Mengubah sistem pangan menjadi lebih inklusif, adil, berkelanjutan dan sehat akan membutuhkan perubahan tata kelola dan hubungan kekuasaan saat ini, dan menghubungkannya kembali dengan warisan alam dan budaya. Relokasi sistem pangan akan menangkap nilai ekonomi yang lebih besar bagi produsen pangan di tingkat lokal melalui rantai pasokan yang lebih pendek, pasar petani/nelayan lokal dan skema jaminan partisipatif, skema sertifikasi alternatif.

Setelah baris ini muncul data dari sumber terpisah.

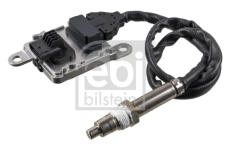NOx-Sensor, vstrekovanie močoviny FEBI BILSTEIN 1001069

Pada saat krisis kesehatan, keanekaragaman hayati dan iklim ini, bertindak lebih cepat dan dengan cara yang sesuai secara budaya adalah penting. Fokus pada sistem pangan lokal memungkinkan pemetaan kejadian kritis dan rentan yang lebih akurat serta intervensi cepat untuk mengelola keadaan darurat pangan yang seringkali dapat diselesaikan secara lokal.

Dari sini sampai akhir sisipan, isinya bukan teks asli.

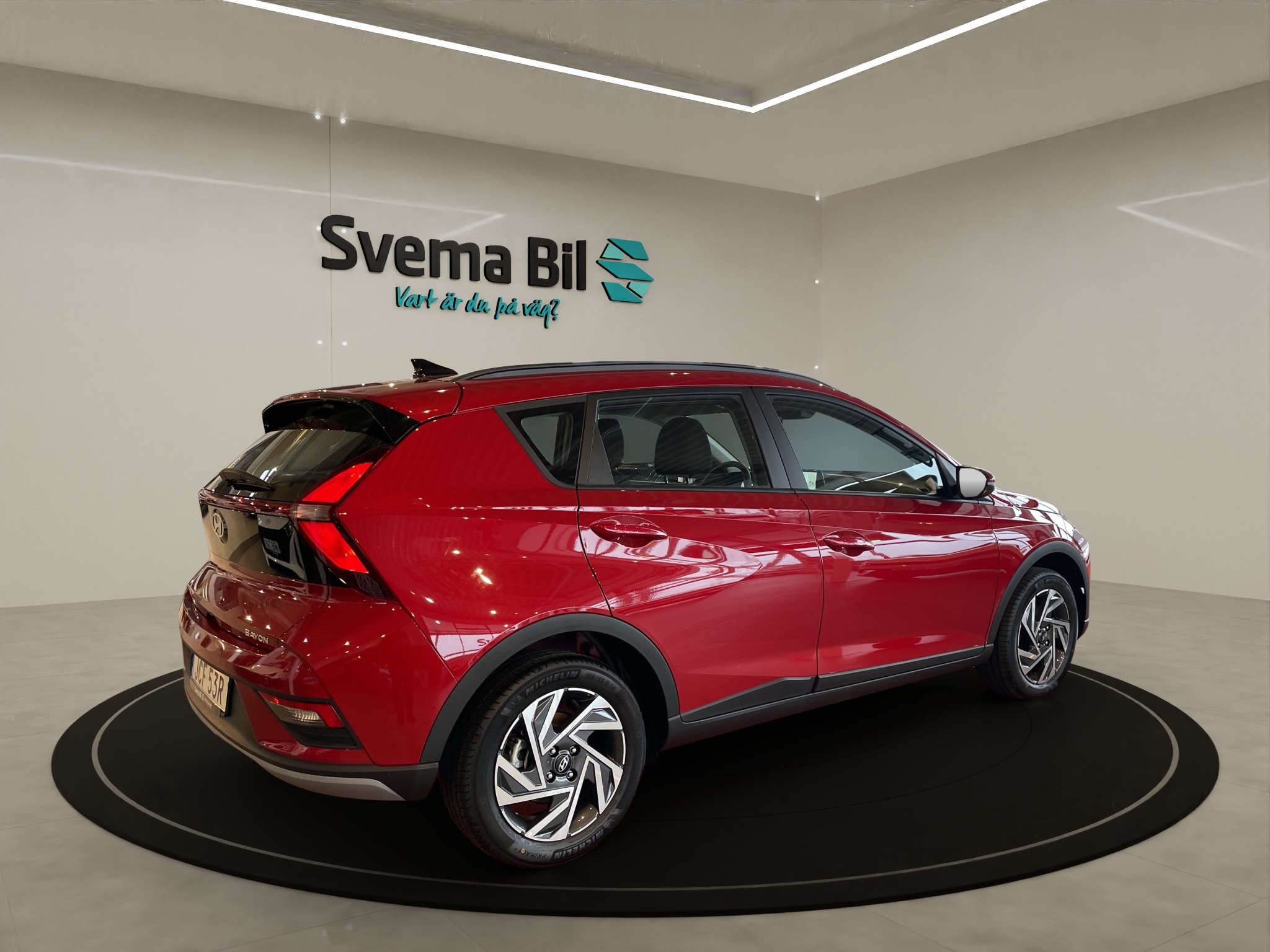 Hyundai Bayon 2025, bild 5/47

“Tindakan Kami adalah Masa Depan Kami” adalah seruan pada Hari Pangan Sedunia 2021. Tindakan konsumen untuk membuat pilihan makanan yang berbeda, menemukan kembali tradisi kuliner dan produk lokal, dan mengadopsi gaya hidup yang lebih hijau dan lebih sehat; tindakan produsen untuk menggunakan praktik pertanian dan perikanan yang berkelanjutan secara lingkungan, sosial dan ekonomi; dan tindakan pengambil keputusan untuk menegakkan penggunaan sumber daya alam yang berkelanjutan, mengamankan tanah, air, benih dan sumber daya lainnya dari petani skala kecil dan Masyarakat Adat, dan secara efektif memasukkan mereka dalam pembuatan kebijakan tentang produksi pangan. Kebijakan perlu mempertimbangkan keadaan yang beragam di setiap pulau dan provinsi, dan memberikan kredit, teknologi tepat guna kepada produsen pangan, termasuk perempuan.

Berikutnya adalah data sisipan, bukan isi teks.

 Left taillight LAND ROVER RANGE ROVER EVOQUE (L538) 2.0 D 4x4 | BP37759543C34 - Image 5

Jalur yang terbagi untuk perubahan sistem pangan bukanlah pilihan. Tindakan yang akan dilakukan perlu didiskusikan dan disepakati di antara berbagai pemangku kepentingan dan pemegang hak, termasuk yang paling dekat dengan produksi pangan. Solusi lokal oleh masyarakat adat, petani skala kecil dan nelayan yang telah mengamankan pangan selama berabad-abad merupakan bagian integral dari solusi bersama dan dapat membantu mengubah sistem pangan dan nilai-nilai yang menjadi landasannya.

Sistem pangan lokal dapat menjadi “pengubah permainan” dan berkontribusi tidak hanya pada tata kelola sumber daya, ketahanan pangan, dan kemandirian yang lebih adil, tetapi juga untuk mengurangi dampak bencana alam dan perubahan iklim demi masa depan yang sehat, berkelanjutan, dan adil bagi semua. manusia dan planet ini.

***

Miranda bekerja untuk HIVOS, sebuah organisasi humanis dan inovatif Belanda di Indonesia. Cristina Eghenter adalah seorang antropolog yang berbasis di Zeist, Belanda. Pandangan ini bersifat pribadi.